What is this "the same number of lines"? You mean the srcdict has the same line counts as the tgtdict, right?

But preprocess can only found 128004 tokens? for both src and tgt?

Yes that's exactly what i mean, both tgt and src dict have the same number of lines but then they are just 128004 tokens (what they found in the data dict)

What do you mean by "the dict created"? You are not training one vocabs from your data, right?

You are using --srcdict {downloaded dict.txt from fairseq}, right? and the dict.txt inside data-bin is strange ?

Yes yoi have understand correctly, i am using the downloaded dict and creating the dict.txt.$src and dict.txt.$tgt thanks to the fairseq preprocess command.


  1. I have looked to the python files you sent, but i think the problem comes from the length of the dictionnary given by fairseq

  2. I will try what you say since I believe it coule really help thanks.

In any case, thanks a lot I will let you know if I manage to make it work properly.


Last comment: There are 2 dictionnaries available to download: For génération the preprocessing works well with data_dict.128k.txt and you have to add --fixed_dictionary model_dict.128k.txt when using fairseq-generate. On the same data it does not work with fairseq-train. I have tried two things :

  1. Using the option fixed dictionary with fairseq-train but does not work
  2. Preprocessing the data with model_dict.128k.txt instead of data_dict, and it seems to work but not sure if thats the right manner to do.

Thanks have a nice day

gmryu commented 2 years ago

@MathieuGrosso Hi, I know what is wrong now. There are 2 ways of solving it.

  1. An easy way is you use model_dict.128k.txt in all of your steps (preprocess,train, generate, interactive...).

If you used it in preprocess with --srcdict model_dict.128k.txt, --fixed-dictionary are not necessary, no special treatment in other steps as well. It is absolutely not intended, but it works flawlessly for this fairseq now.

--

  1. A detailed story is:

When you are using translation_multi_simple_epoch task, it will call MultilingualDatasetManager.prepare to load dict.txt . Then you look at that prepare, you notice augment_dictionary( dictionary=d, ... , language_list=language_list, ... ).

So the dict is altered during the runtime, and it will recieve special lang token like __en__ for english, __fr__ for french, etc. thus making the input dim = line count in the dict + <s> <pad> </s> <unk> + all lang tokens.

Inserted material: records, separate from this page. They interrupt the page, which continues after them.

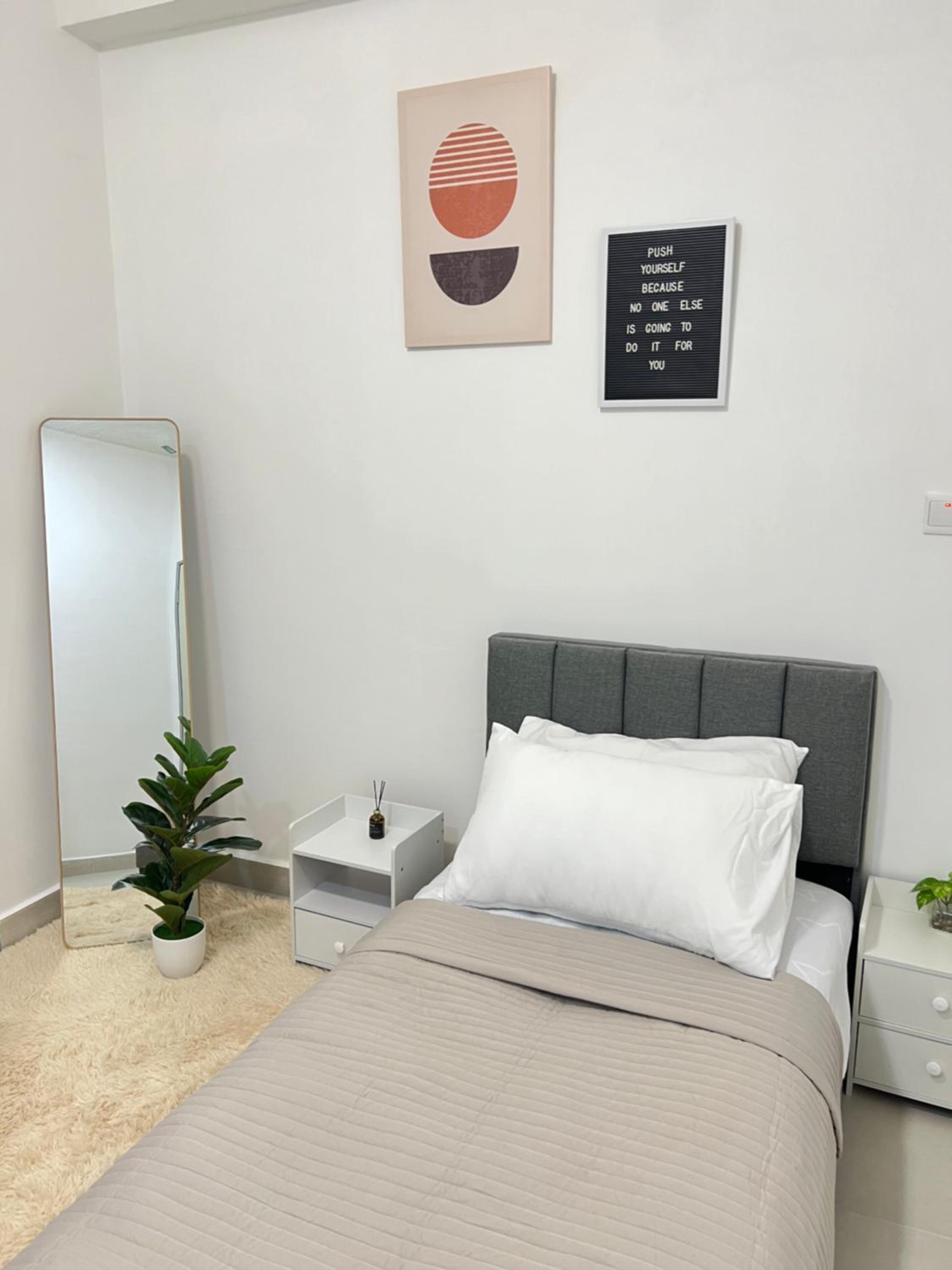 Edusphere Rest & Relax Rooms Suite photo 1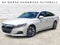 2021 Honda Accord Sedan LX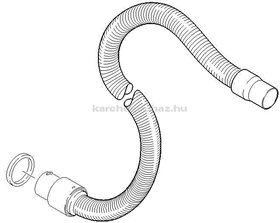 Karcher NT gégecső - 4.440-262.0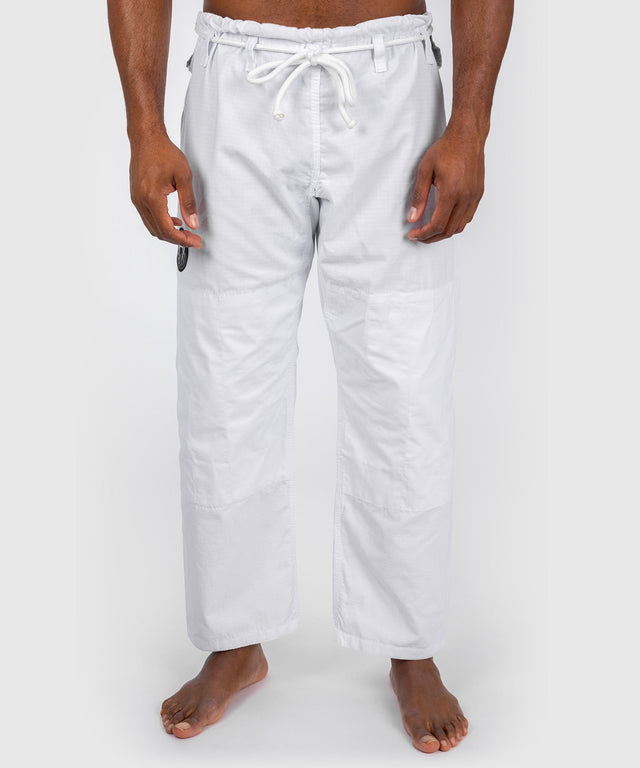 Venum BJJ Gi First - White - incl. white belt - BJJ gis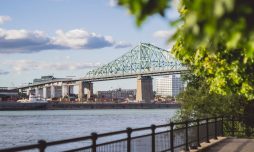 condo à vendre sur la Rive Sud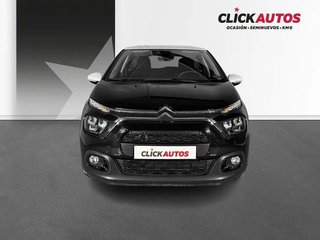 CITROEN C3 1.2 110CV SHINE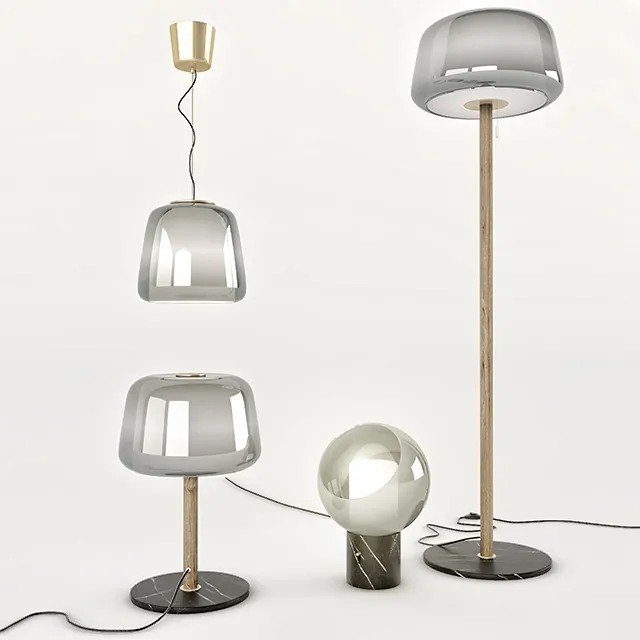 lighting – Ikea Evedal 3D Model lighting – Ikea Evedal 3D Model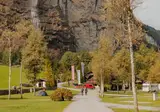 Camping Jungfrau foto 16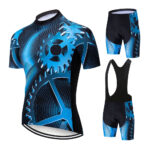 Cycling Uniforms
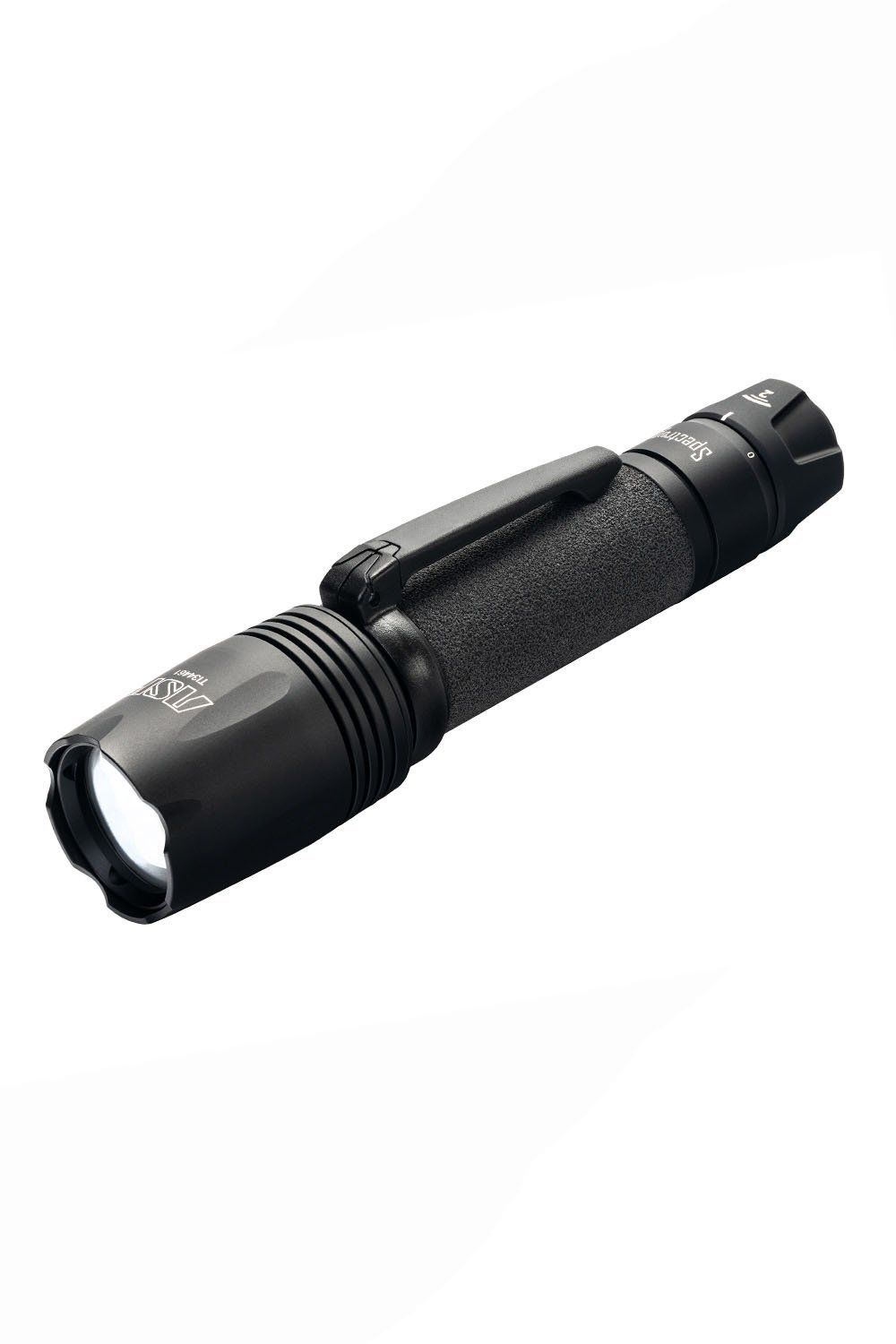 asp rechargeable flashlights New Matrix Flashlight | Programmable LED Light highlights bodily fluids and cuts through fog Pro DF Flashlight | Dual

The confusing part is m2m_100 is actually pretrained with 100 languages + 8 madeupwords, regardless of that "100". (why would they do that?) So m2m_100 input dim=128000+4+108=128112 as stated in your error log. Your --langs 'af,am,...,zh,zu' have 100 languages, which implies the 128104 written in your error, too. You have to add that 8 madeupwords. Well, you do not have to pass the exact madeupwords as those inside model_dict.128k.txt (madeupwordforbt,madeupword0000~6, in total 8 of them) Some random symbols that would never appear in any of your use case will do fine.

--

Actually found this by creating a tiny model(like 10M), and there is no error popping except some tiny issues due to I am using windows and cpu. Then I read your error log again and confirmed this truth. ( I thought it last time and thats why I encouraged to compare dicts. Should have written down my assumption last time, my fault.)

MathieuGrosso commented 2 years ago

Hello, Thanks a lot for your answer, it really makes sense like this.

I don't know why the model dict is working flawlessly but it indeed seems to coincide with what you said. I don't really get why fairseq decided to train m2m_100 with these madeupwords tokens but this is definetely what is mission. THe difference is exactly of 8 tokens. So make sense to add them to the data dict + to specificy the langs.

I also had no issue training with MBART50 with the same translation_multi_simple_epoch so yes it comes from M2M_100. It would have been interesting to know why they have added these tokens but I don't think it would change anything.

Your answer really helped, no worries for the assumption. Checking the dict length allowed me to understand the difference between model_dict and data_dict.

Have a nice day ! I will close the issue :)